В этом заложен еще один ключевой принцип, который принимал в расчет Мэнсон: наряду с повторением, он использовал изоляцию. На ранчо Спана не было газет, не было часов. Оборвав связи своей группы с остальным обществом, Мэнсон создал на этой вневременной территории свое собственное тесное сообщество, со своей собственной системой ценностей. Оно было замкнутым, целостным, самодостаточным — и постоянно конфликтовало с окружавшим его миром.
Он использовал секс. И еще была любовь, много любви. Не обратить на это внимание — значит не заметить одну из наиболее прочных связей, державших “Семью” вместе. Любовь основывалась на их обычаях делиться всем со всеми, их общих проблемах и удовольствиях, их отношениях с Чарли. Они были настоящей “Семьей” во всех смыслах этого слова, социологической ячейкой со своими братьями, сестрами и приемными детьми, вращавшейся вокруг доминирующей фигуры всезнающего, всесильного патриарха. Готовка пищи, мытье посуды, уборка, шитье — все те обязанности по дому, которые они ненавидели в собственных семьях, теперь исполнялись с готовностью, поскольку радовали Чарли.

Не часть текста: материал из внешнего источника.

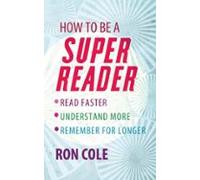 How To Be A Super Reader (ebook)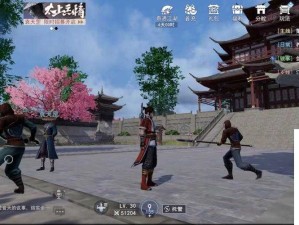 不良人3手游深度解析，藏宝图挖宝玩法全攻略指南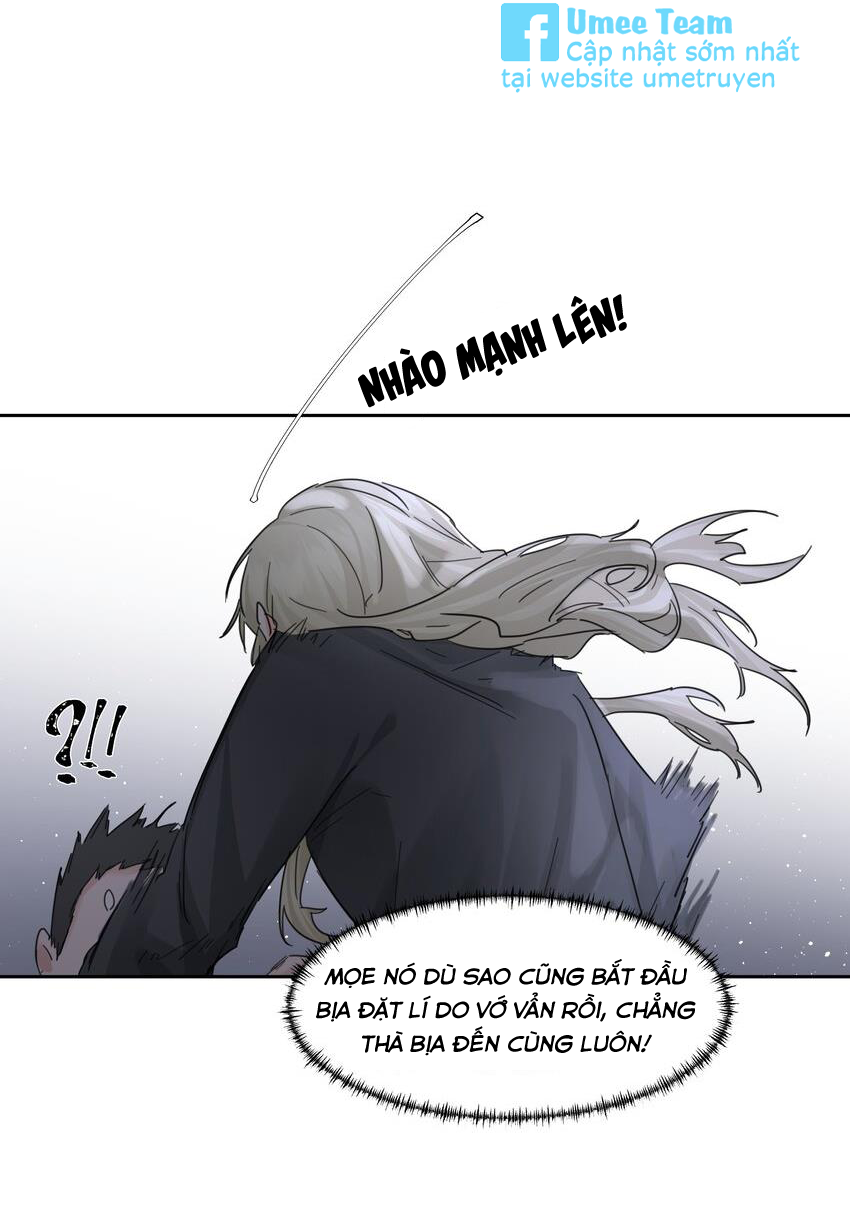 tình cũ là vua chapter 24 53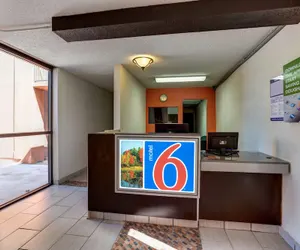 Photo 4 - Motel 6 Jackson, TN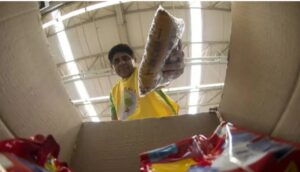 Cesta básica fica mais cara no Pará e consome quase metade do salário mínimo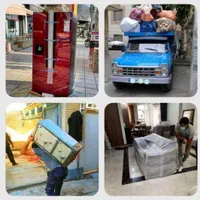 باربری سینا بار * اثاثیه منزل وکالا سراسر قم ،کشور|خدمات حمل و نقل|قم, پردیسان|دیوار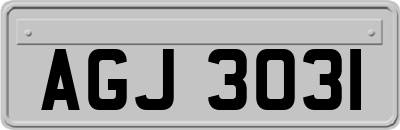 AGJ3031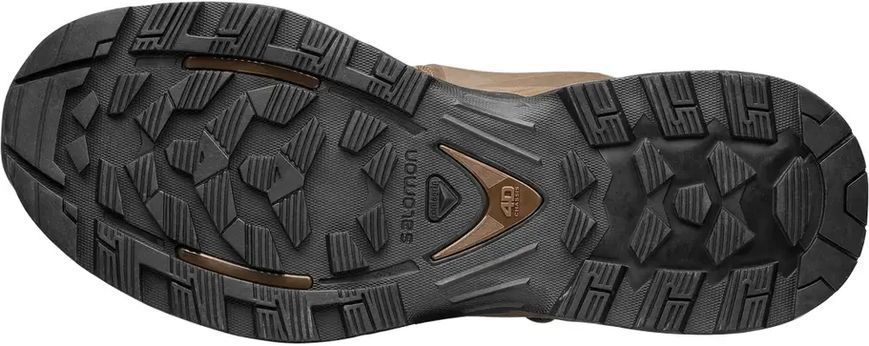 Черевики Salomon QUEST 4D GTX Forces 2 EN Earth, 8
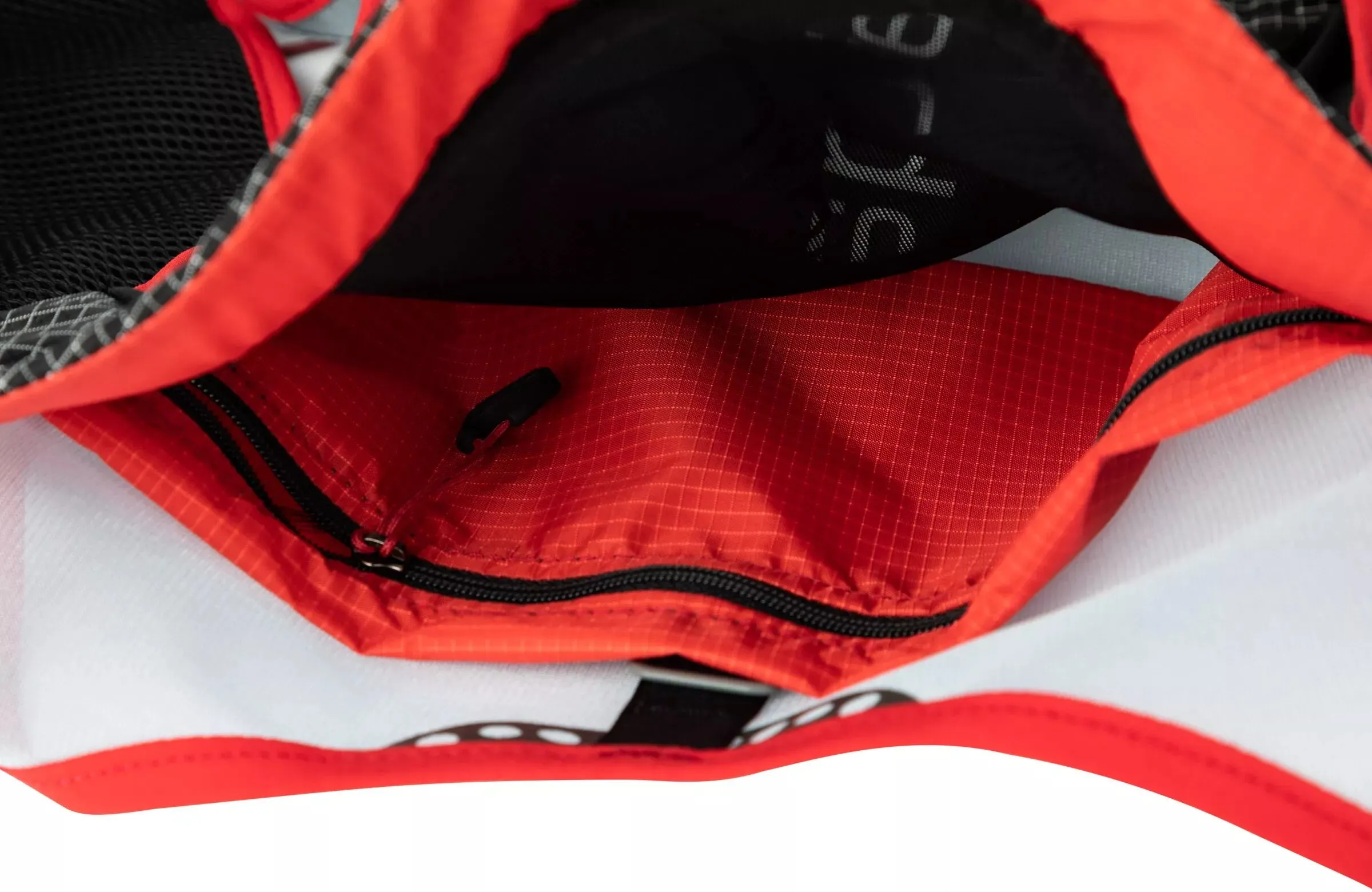 ULTRASPIRE Big Bronco Race Vest 12L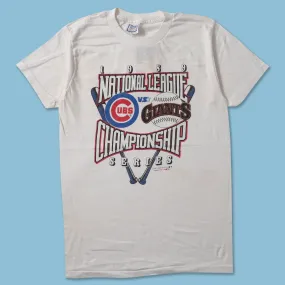 UV Protection 1989 MLB T-Shirt Small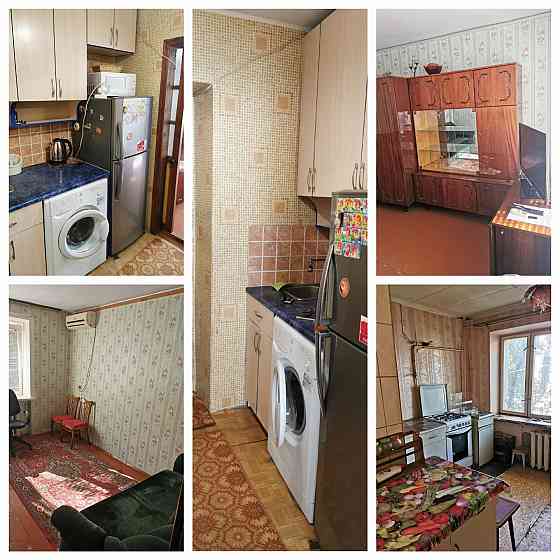 Сдам комунальную 1к.кв с общей кухней Николаев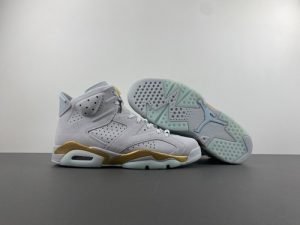 Air Jordan 6 Craft Paris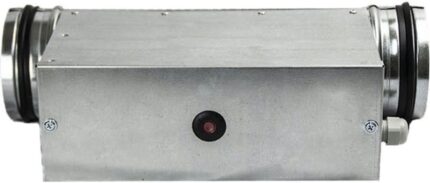 8027254711 Электронагреватель EOK 100-2.4-1ф 4687203827472 Hirschmann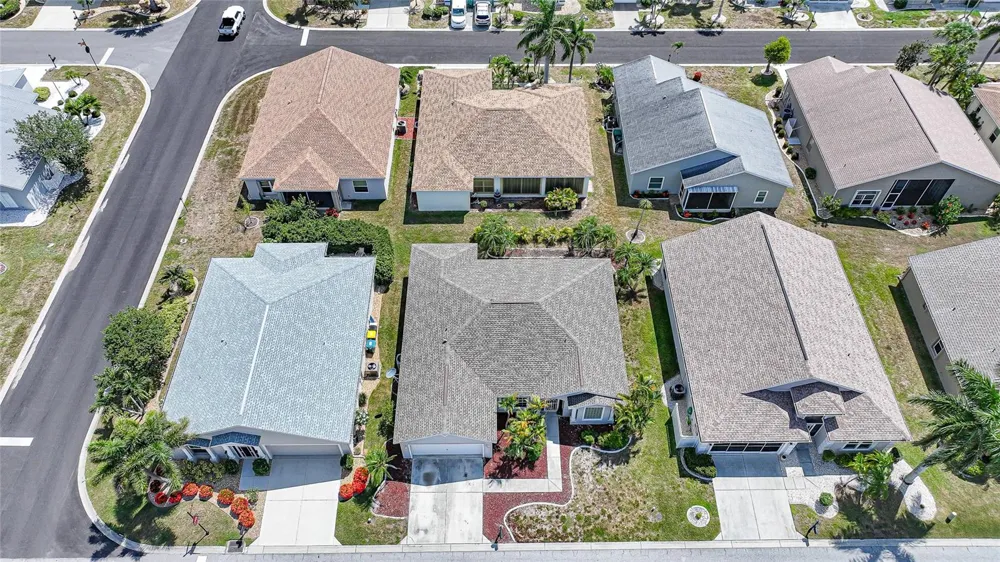 24191 BUCKINGHAM WAY Punta Gorda, FL 33980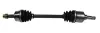 Antriebswelle Vorderachse links HART 445 085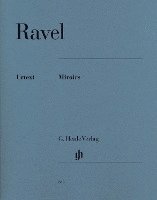 Ravel, Maurice - Miroirs
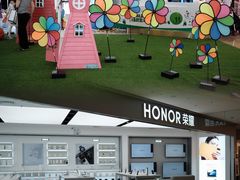 -布吉佳兆业广场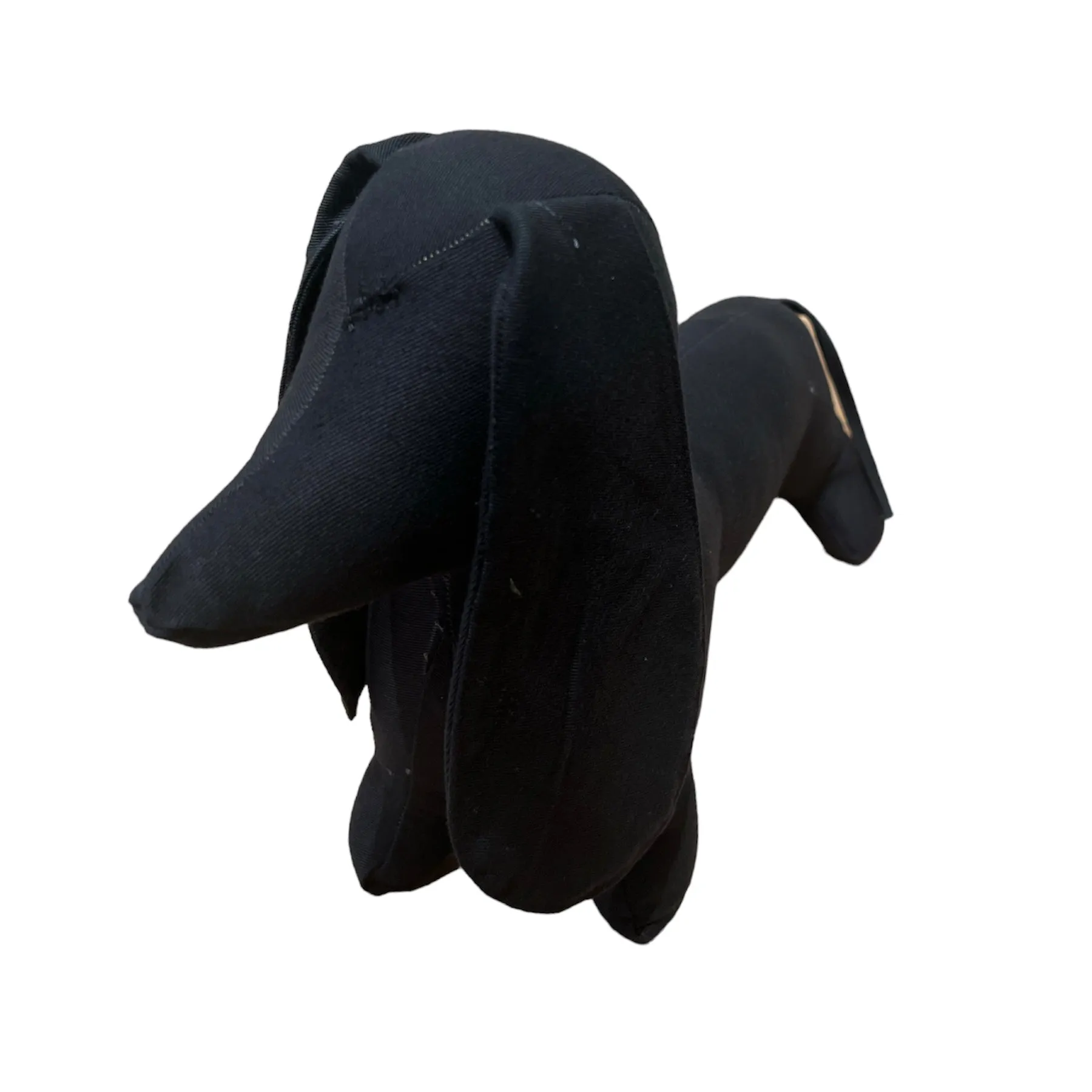 STUFFED DOG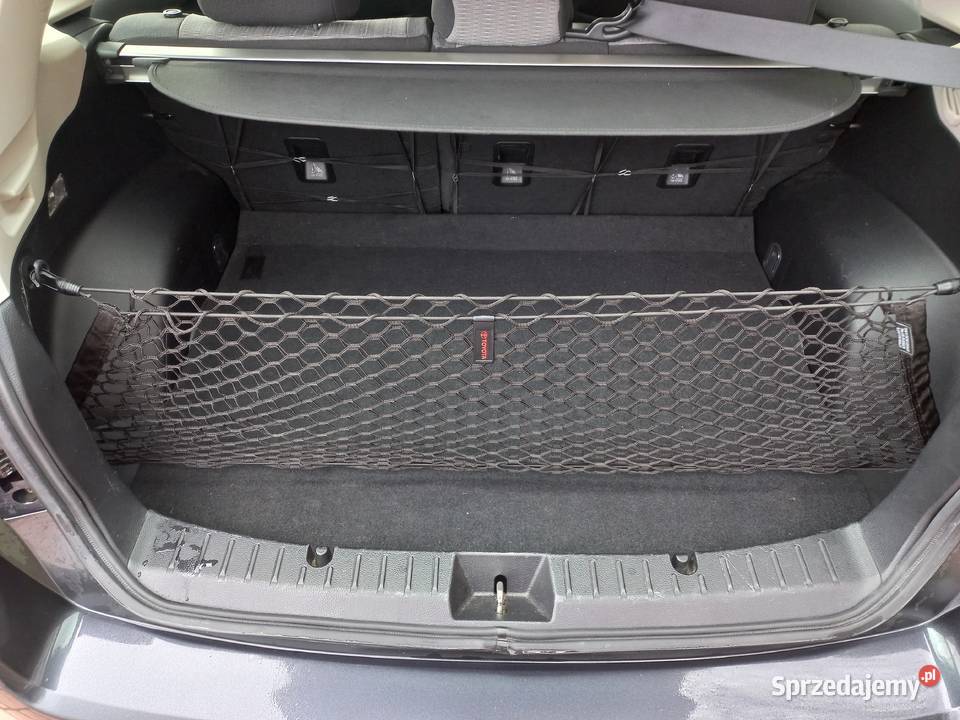 Subaru Impreza wersja USA świętokrzyskie Połaniec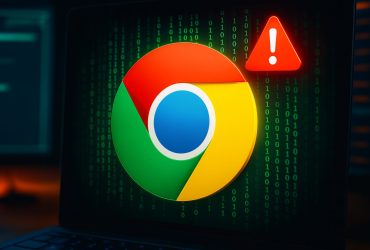 Actualiza Chrome: séptima vulnerabilidad crítica de 2025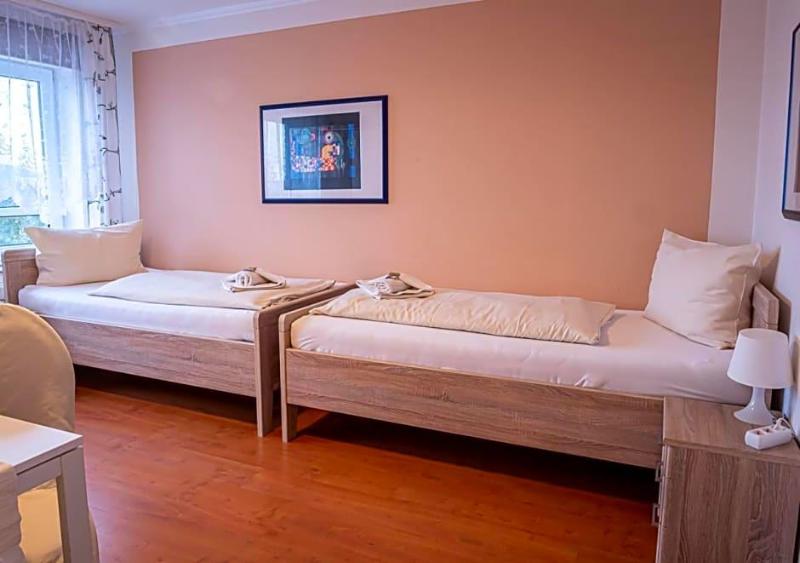 Hotel Bouzid Laatzen image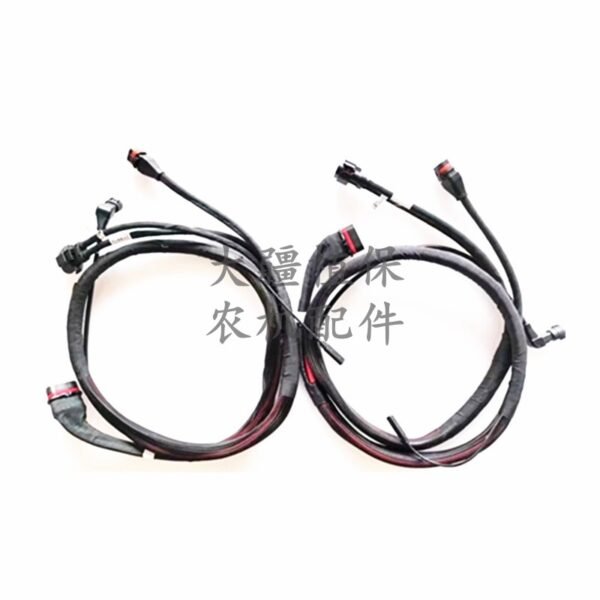 dji agricultural drone accessories [t60] m3 & m4 arm esc composite cable 00681.06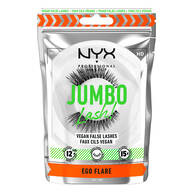 Jumbo Lash! Vegan False Lashes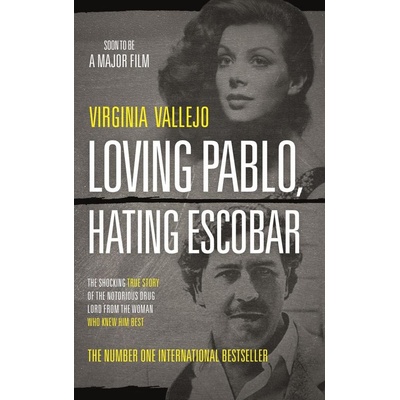 Escobar Film Tie-In - Virginia Vallejo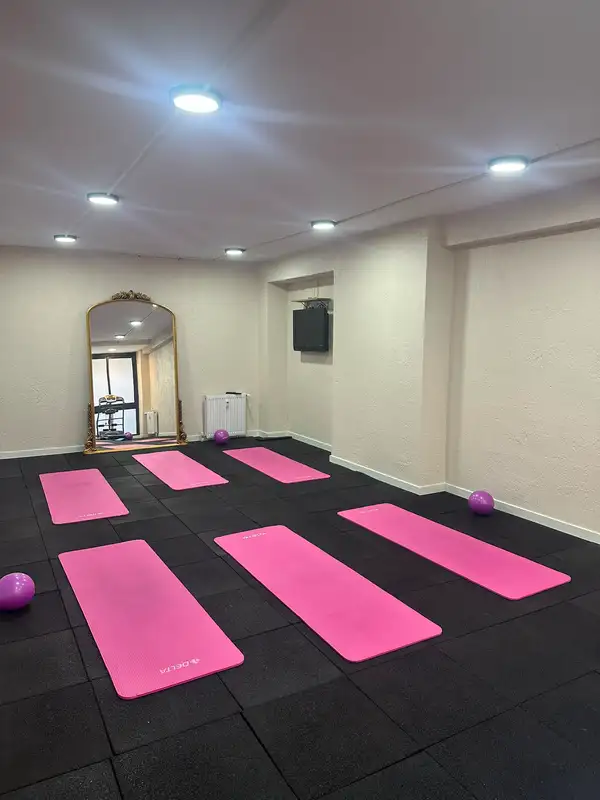 RAA Pilates Studio & Coffee görsel 2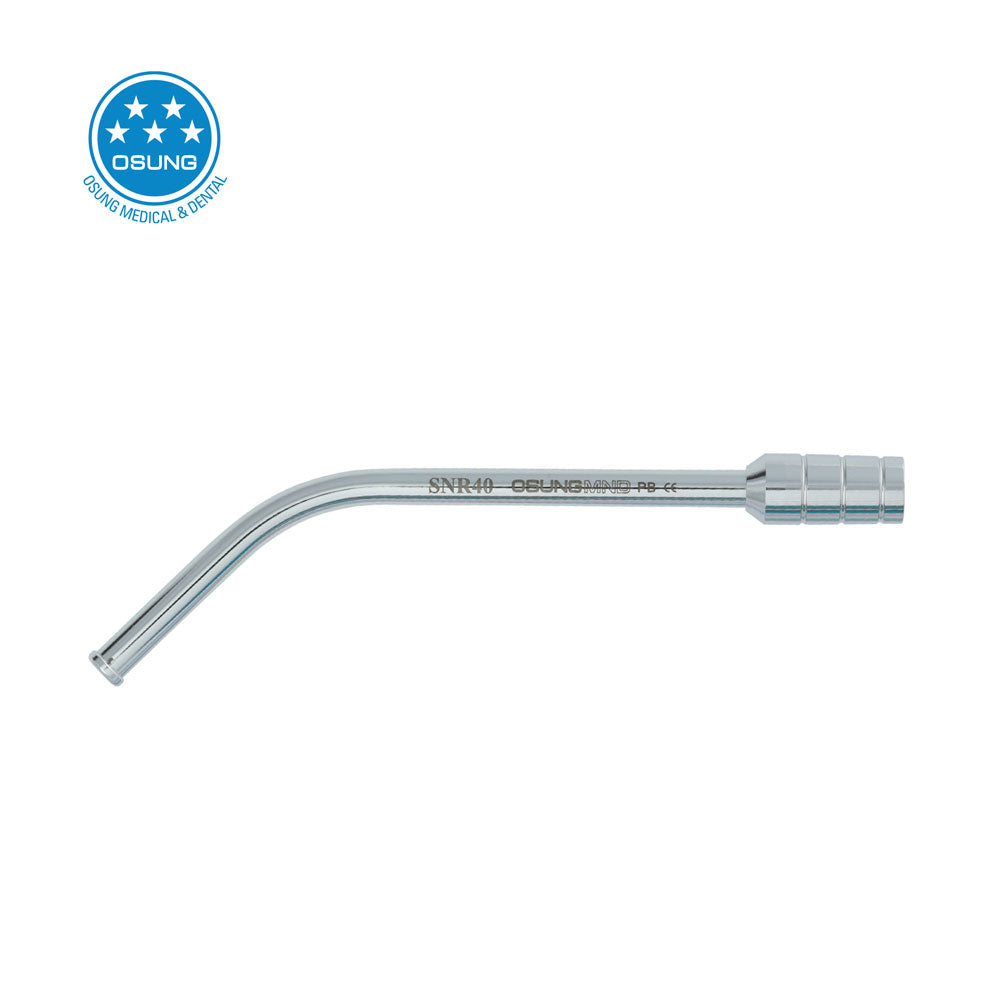 Surgical Suction Tips - Minimax Implant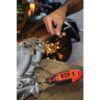 MICRO RETIFICA RT18KA 180W 127V - B&D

Он использовал страх — и очень, очень эффективно. Овладел ли Мэнсон этой техникой в тюрьме или дошел до нее позднее, неизвестно, — но то был один из наиболее мощных инструментов его контроля над остальными. Возможно, в нем крылось и еще кое-что. Как заметил в своей статье в “Ньюсуик” профессор Стэн-фордского университета Филип Зимбардо, долго занимавшийся изучением преступности и производимых ею эффектов, “поднимая уровень страха вокруг себя, ты заставляешь свой собственный страх казаться более нормальным и социально приемлемым”. Собственный страх Мэнсона граничил с паранойей.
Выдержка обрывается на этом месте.